# Tag 1000 1988



## scott laurie (Jul 27, 2009)

hi all,

my old Tag 1000, has stopped working, its not the battery, looking for suggestions on who might be able to replace the quartz movement or if anyone has one for sale,

Cheers

Scott

Glasgow UK


----------



## gregory (Feb 13, 2009)

Hi there.

I had one of these, and the date had stopped changing.

I had a new quartz movement put in a couple of years ago, and it wasn't that expensive.

You will basically end up with a new watch in your old one. It's will be a none-Tag movement anyway.

I am sure many on here will point you in the right direction.


----------



## scott laurie (Jul 27, 2009)

gregory said:


> Hi there.
> 
> I had one of these, and the date had stopped changing.
> 
> ...


thanks, always better to go with someone that comes recommended


----------



## Who.
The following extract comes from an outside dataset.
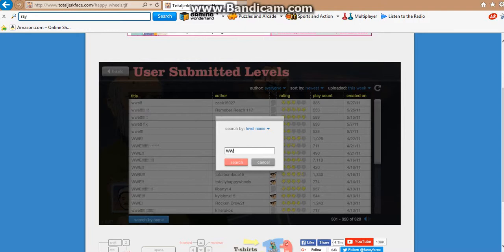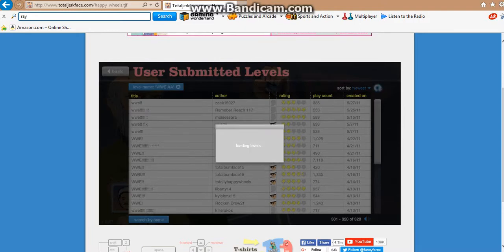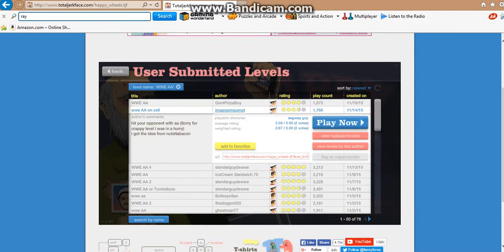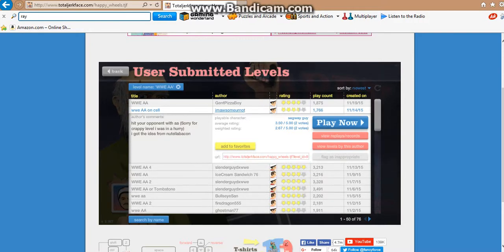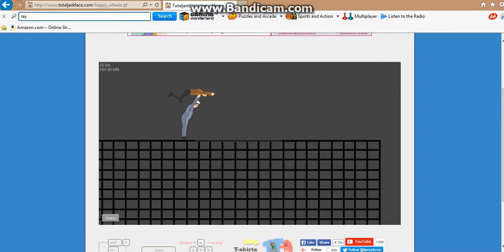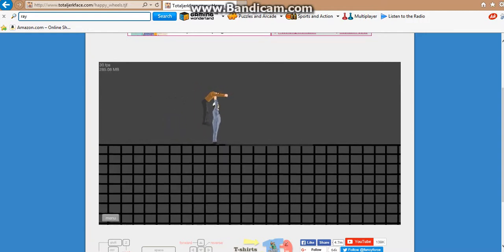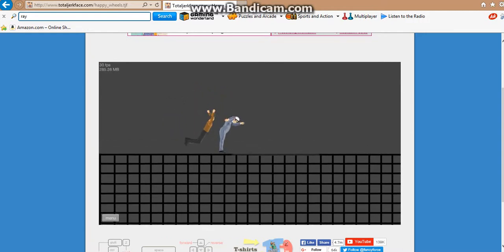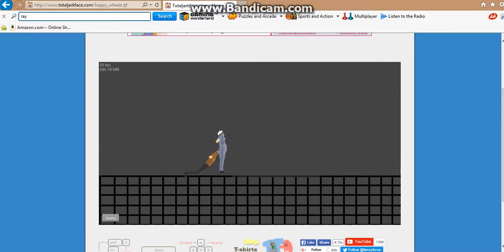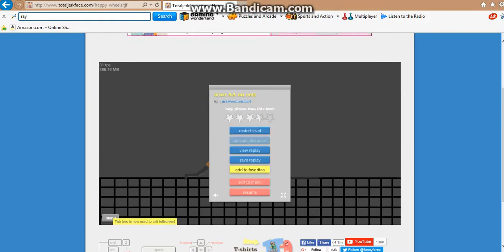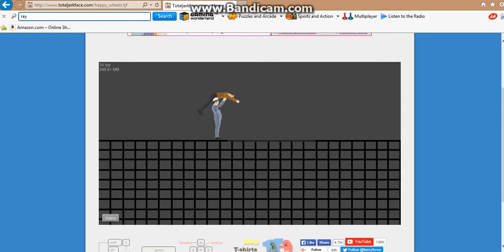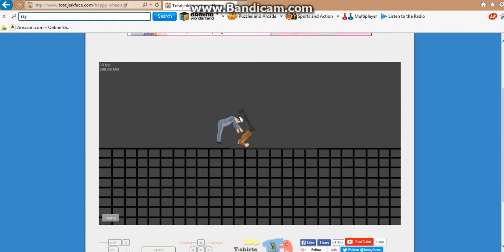WWE AA. AA on sale. Hit your opponent with AA. Sorry for grabbing her while I was in her. I just wish I could do something for you. I have an idea. And his name is John Cena.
Me? (Jan 12, 2007)

Hi

Does your Tag 1000 look anything like this...?










That is my Heuer 1000 quartz from the last days of Heuer, before they became Tag Heuer (mid to late 1980s). I don't think that the design changed much after the name change.
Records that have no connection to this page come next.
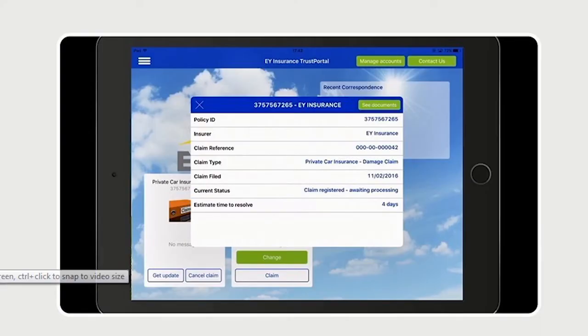And what you'll now see is the information being popped up onto the mobile app to say that claim has been registered. You can see the claim tile has popped up on the mobile app, and when we look at that claim you'll actually see that the time to resolve the claim has been put there by the robot — saying it's four days until that claim should be paid.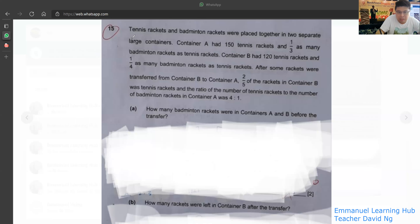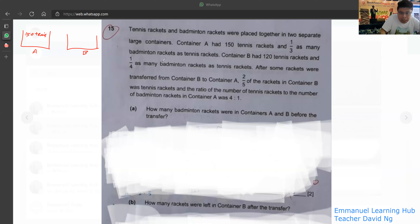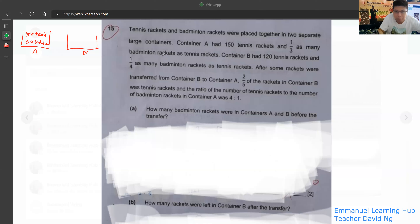So you have container A and container B. Container A contains 150 tennis rackets. And since the badminton rackets are one-third as many as the tennis rackets, you have 50 badminton rackets in container A.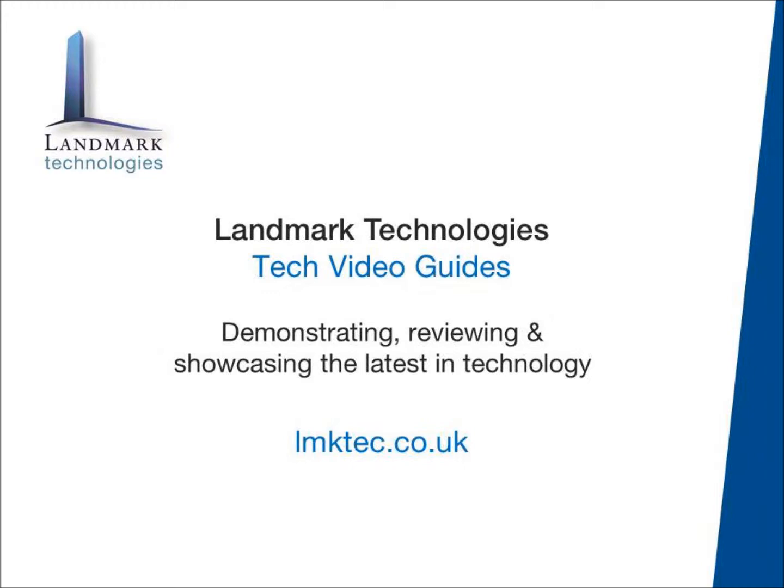Hello and welcome to Landmark Technologies Video Guides. We're going to show you how to connect your mobile device to our Landmark Technologies Wireless Internet Network.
If your Tag looks like the above, you may have the same problem that I did and I had problems for years with mine.

I had it repaired a couple of times, but it kept failing. In the end I found this forum and Roy's site.
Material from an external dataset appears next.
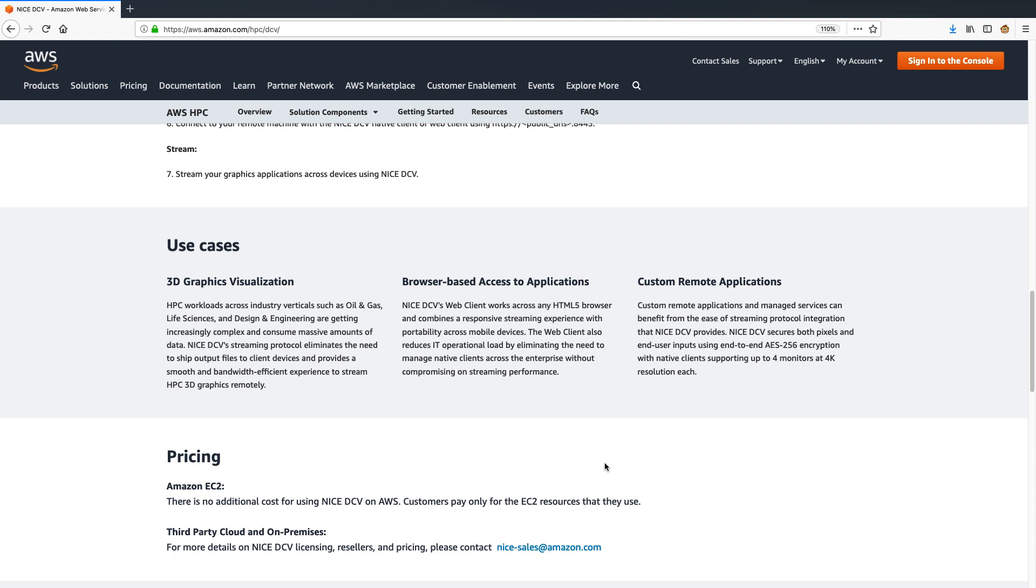DCV is widely used by our customers for different use cases like high-performance computing workloads across many industry verticals like oil and gas, life sciences, manufacturing, and even media and entertainment. So now let's take a look at a couple example use cases for DCV.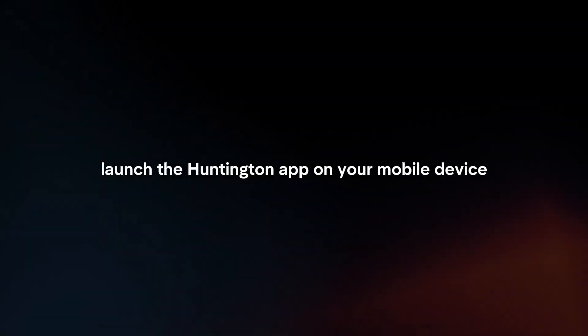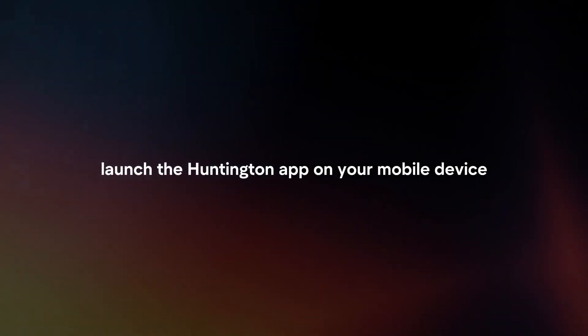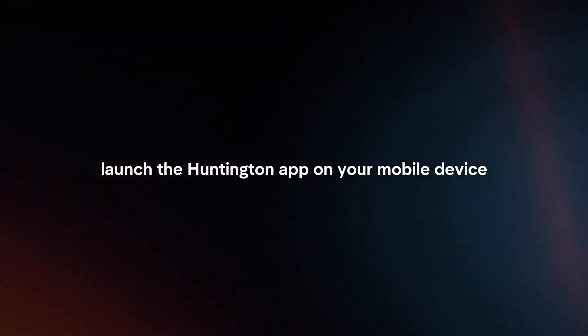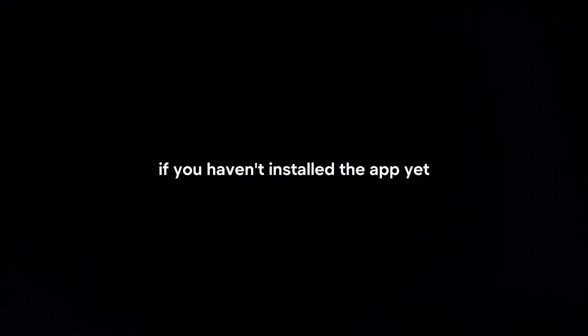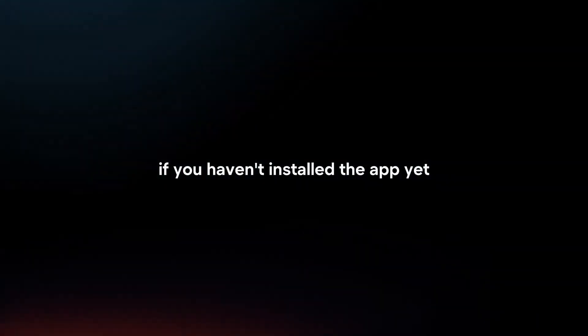Open the app. Launch the Huntington app on your mobile device. If you haven't installed the app yet, you can find it in your device's app store and download it.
Roy identified that the movement fitted by Heuer (and repaired or replaced by Tag's service agent) was a relatively poor quality, no-jewel ETA movement, and as such was always likely to be unreliable.

He fitted a new, equivalent, ETA movement that is a seven jewel movement as fitted in the current equivalent range of Tag watches

I've had no problems since.

The spindle (?) diameters are different to the original movement however, so Roy had to fit a different, slightly bulkier set of hands that were the closest match.

It now looks like this...










I'd recommend having the movement replaced if you want to keep the watch and wear it.

If you want to keep it original, you could ask Roy if he can repair the existing movement, but if you do, I would take the battery out and 'lay it up', rather than leave it running.

The repairs to the original movement never lasted more than a couple of years before failing.

I got Roy to repair the movement that he removed from mine, so I have it for the sake of originality, but I wouldn't trust it in the watch.

Hope that's of use.

Andy


----------



## scott laurie (Jul 27, 2009)

Who. Me? said:


> Hi
> 
> Does your Tag 1000 look anything like this...?
> 
> ...


Andy, thats Excellent,

Same watch , I dont wear it , but it was a 21st birthday present and I would like it working, it was repaired by Tag 3 times and has gone again, but I would like it working, dont care about the movement fitted, so next question, and excuse my ignorance as kinda new to the forum, who is roy ? web address or something please

thanks again

Scott.


----------



## Who. Me? (Jan 12, 2007)

scott laurie said:


> Andy, thats Excellent,
> 
> Same watch , I dont wear it , but it was a 21st birthday present and I would like it working, it was repaired by Tag 3 times and has gone again, but I would like it working, dont care about the movement fitted, so next question, and excuse my ignorance as kinda new to the forum, who is roy ? web address or something please
> 
> ...


Hi Scott

Roy is Roy Taylor, the owner of this forum. Follow the link at the top of the page to RLT Watches or click here < RLT Watches >

From comments that other forum members have posted; I think he's quite busy catching up on repairs, but drop him an email and explain the problem... RLT Watches Email. He'll know what needs doing.

Oh, and his prices are much more reasonable than Tag's.

Cheers

Andy


----------



## bry1975 (Feb 6, 2004)

nice generic hands


----------



## scott laurie (Jul 27, 2009)

Who. Me? said:


> scott laurie said:
> 
> 
> > Andy, thats Excellent,
> ...


thanks Andy,

PM sent !

Regards

Scott.


----------